Her refusal to leave the plane can perhaps be attributed to the fact that she is not deathly allergic to dogs at all. After all, if she was deathly allergic, then should certainly would have left the premises knowing that there were dogs near her. However, being fully aware that there were dogs on the plane – two, in fact – and electing not to remove herself from the flight, it was the responsibility of the company in question to take the initiative and remove her from the dangerous situation in service to her well-being.
In 2001, in response to U.S-led airstrikes on Afghanistan in response to the 9/11 attack, Daulatzai stated that, “America has given me tremendous opportunities, like an education. But there is something very wrong that money my family is paying as taxpayers is being used to bomb my people. It doesn’t make sense to me.” Moreover, seeing that her surname, “Daulatzai” is of Afghan descent and that the “Dawlatzai” are a sub-tribe of the Tanoli mainly found in eastern Afghanistan, it possible – or even likely – that Daulatzai’s concern about the canine presence on the plan was linked to her religio-cultural tendencies rather than a legitimate medical ailment.
Multiple Islamic legal traditions have developed injunctions that warn citizens from coming into contact with dogs, as most Muslim traditions believe dogs to be ritually impure animals. Dr. Ayoub M. Banderker, an Islamic veterinary surgeon, writes in his article Animal Abuse and Welfare in Islam, that Muslims should not keep dogs in the house. Moreover, Prof. Khaled Abou el Fadl notes that “religious traditions hold that if a dog – or woman – passes in front of you as you prepare to pray, it pollutes your purity and negates your prayer.”
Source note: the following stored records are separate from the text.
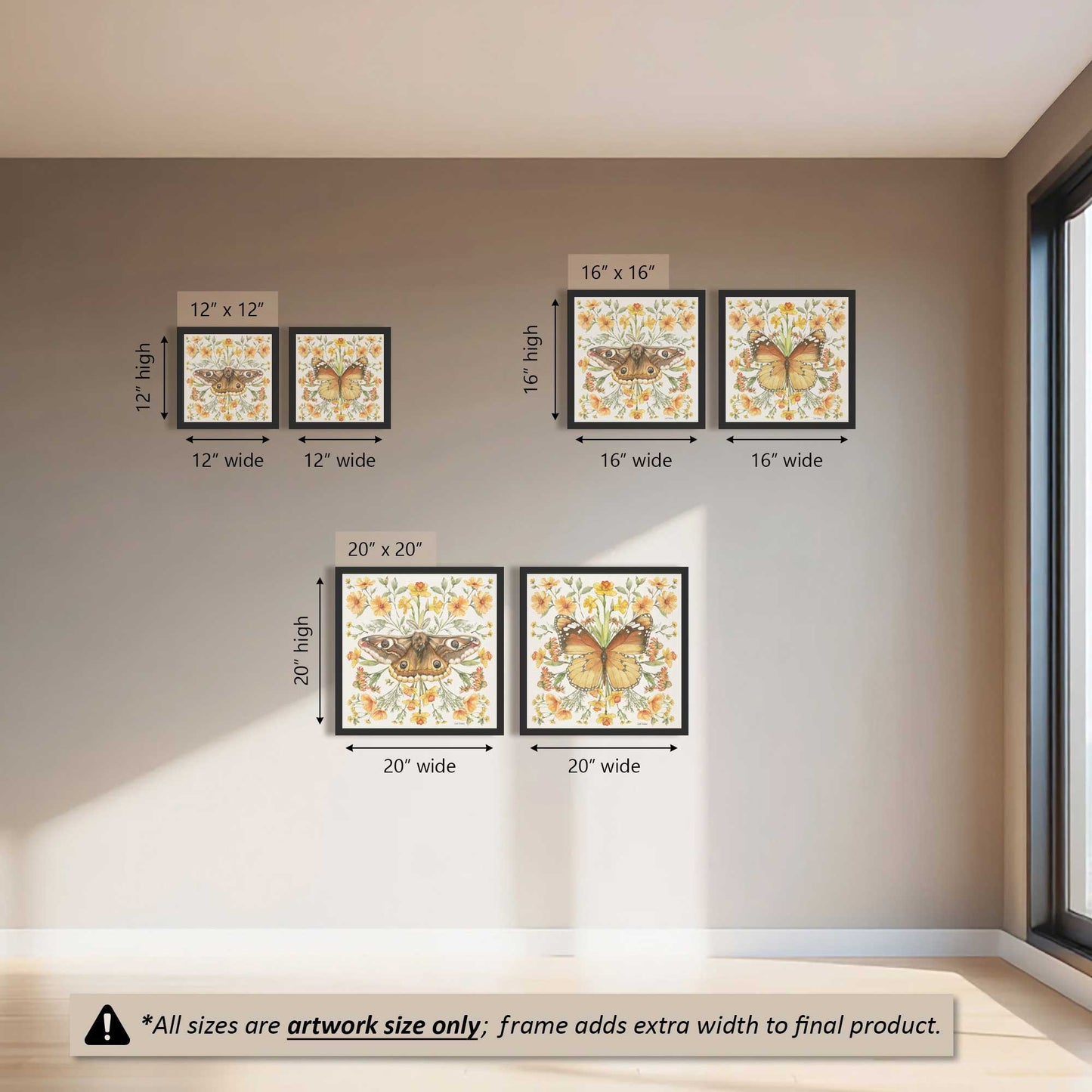 Sunny Flutters Set of 2 Art Prints
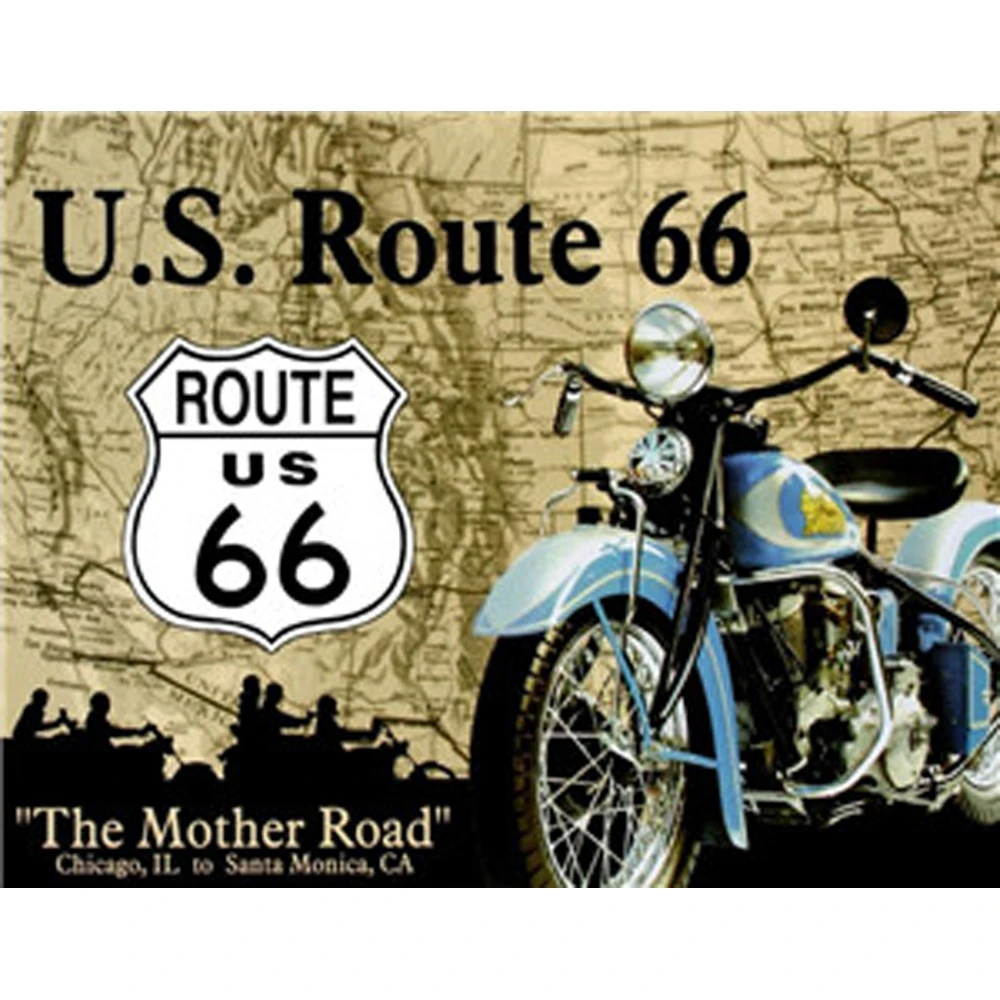 США винтажные металлические жестяные знаки Route 66 номер автомобиля номерной знак табличка Плакат Бар Клуб стены гаража украшение дома 30x20 см 1001 - Цвет: 1001 (53)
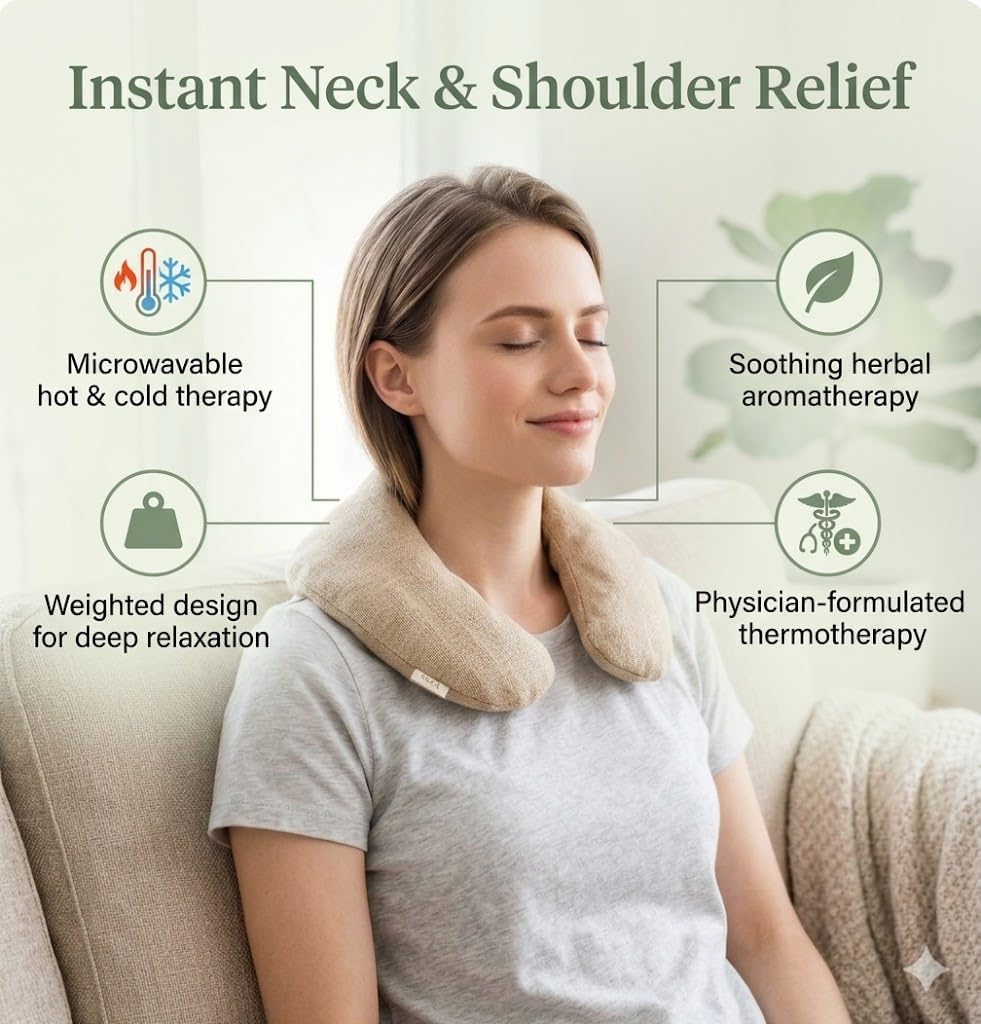 Kozi Weighted Heating Pad for Neck and Shoulders and Back | Microwavable Non Electric Portable Heat Wrap for Pain Relief and Relaxation | Upper Body Heated Comfort Pad,Amethyst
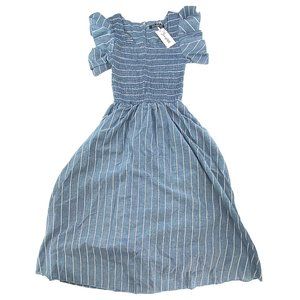 Simplee BerryGo Women’s Striped Li Sleeves Midi Dress Gray XS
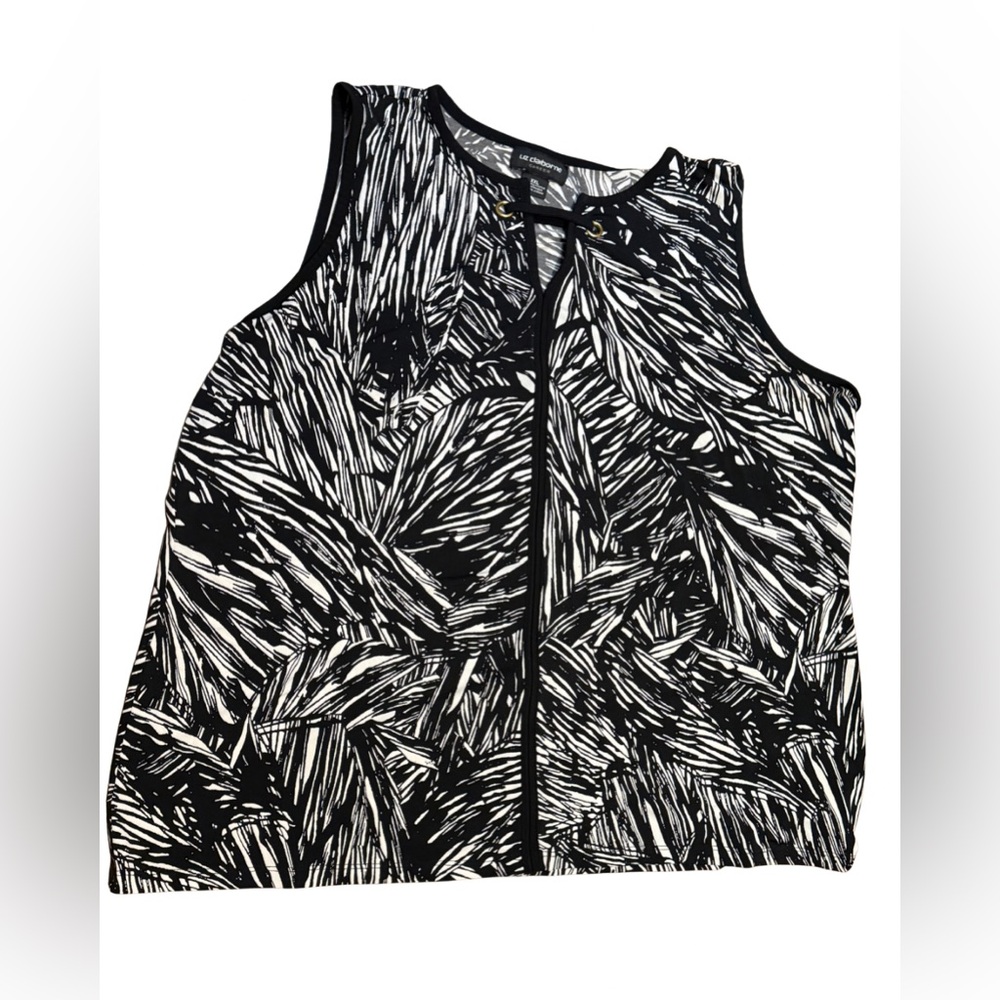 Liz Claiborne‎ XXL Black White Abstract Sleeveless Top Western Barn Chic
Despite Vogue‘s twisting of the entire incident into a distorted narrative of “Trump’s America” oppressing “people of color,” the facts are clear. Daulatzai, an Islamic researcher, decried the presence of dogs on her flight, claiming that she was “deathly allergic” and demanding that they be removed from the plane to suit her medical needs. When no documentation could be procured to prove that Daulatzai could safely fly in proximity to dogs, she was escorted off the plane.
The taqiyya is strong with this one, as the real reason behind her request for the dogs to be removed stems from her degenerate religious convictions. Because she is a Muslim, however, the media will likely downplay this story, and her name and face will be forgotten within the week, because the social elite do not wish to acknowledge the fact the Islamic migrants do not with to assimilate to the surrounding culture, on the contrary, they seek to conquer the surrounding culture.